What do you think is the youngest age someone should lose their virginity? I'd personally be very nervous if I knew my kid was having sex before 16, but I'm completely aware that it's not very realistic; teens developing a genuine libido is gonna happen and they're gonna do what teens do. I feel like this would, for the most part, vary with the person and their level of maturity and self-discipline, but what do I know.
Do you believe in abstaining from sex until marriage? That's a personal choice that isn't mine to make for anyone but me, HOWEVER I do see how waiting until you're legally bound to see how sexually compatible you are may not be a great idea.

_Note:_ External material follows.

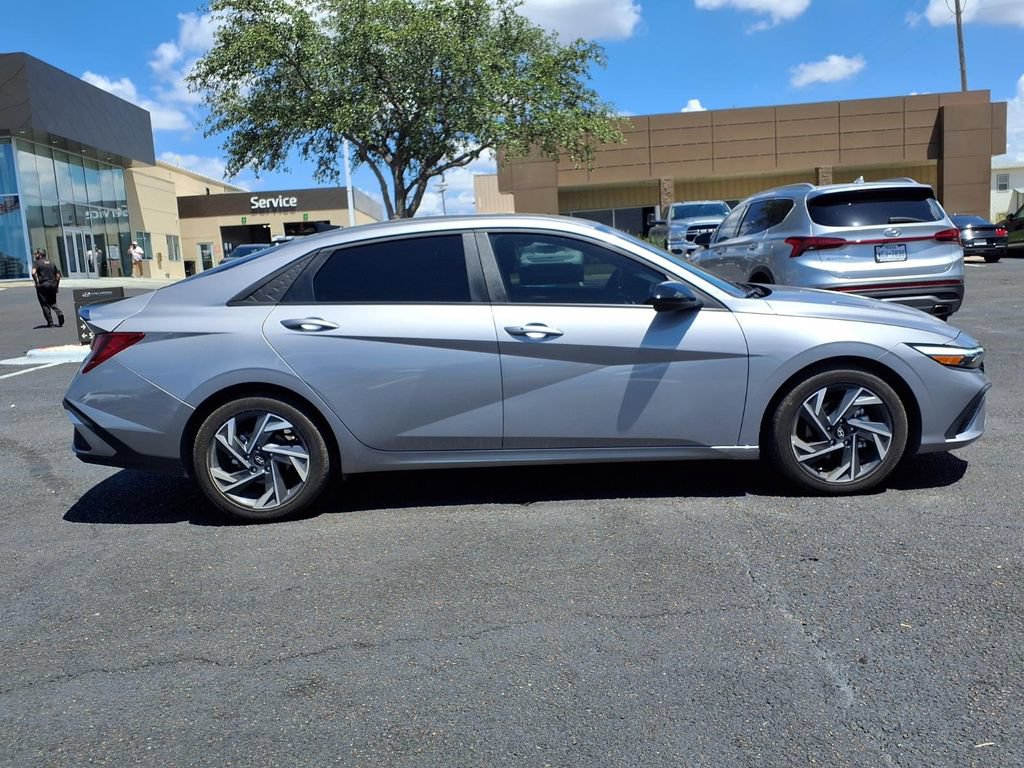 Used 2025 Hyundai Elantra Sport FWD image 6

That's very important to some people so you should know this before you get married, in my own personal opinion.
What is your sexual orientation? Pansexual.

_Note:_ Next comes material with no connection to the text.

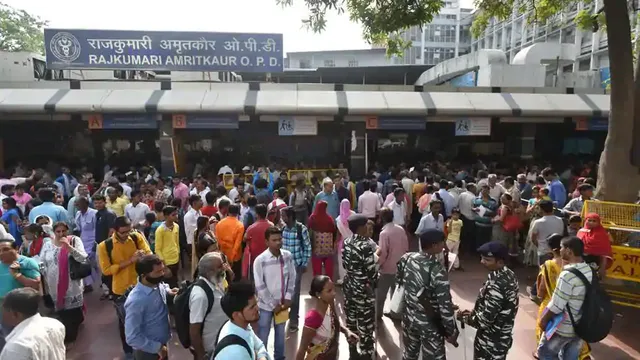 resident-doctors-strike-aiims-new-delhi-india_163e5008-4c22-11e8-a9dc-143d85bacf22.jpg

What is something you have acquired with age? TOLERANCE, open-mindedness, the ability to see what's right and wrong is almost never black and white and those also aren't the same thing for every single person, and that's okay. I've definitely learned to see that the world isn't experienced only through my own eyes and my moral compass.
Do you enjoy history? I really don't, I do believe it's important to know history to be aware of what's been tried and failed + why, but I'm just not interested, man. I also was so bad at dates and names and I just found it all boring.
Have you ever changed religions? Haha three times I guess; OG was Roman Catholic just because I was raised that way from birth, but it quickly turned to Christianity, in my earlier 20s I felt the most connection to Neo-Paganism, now I'm an agnostic/atheist of sorts. Got very high doubts that's ever changing.
Have you ever lied about your gender? Nah.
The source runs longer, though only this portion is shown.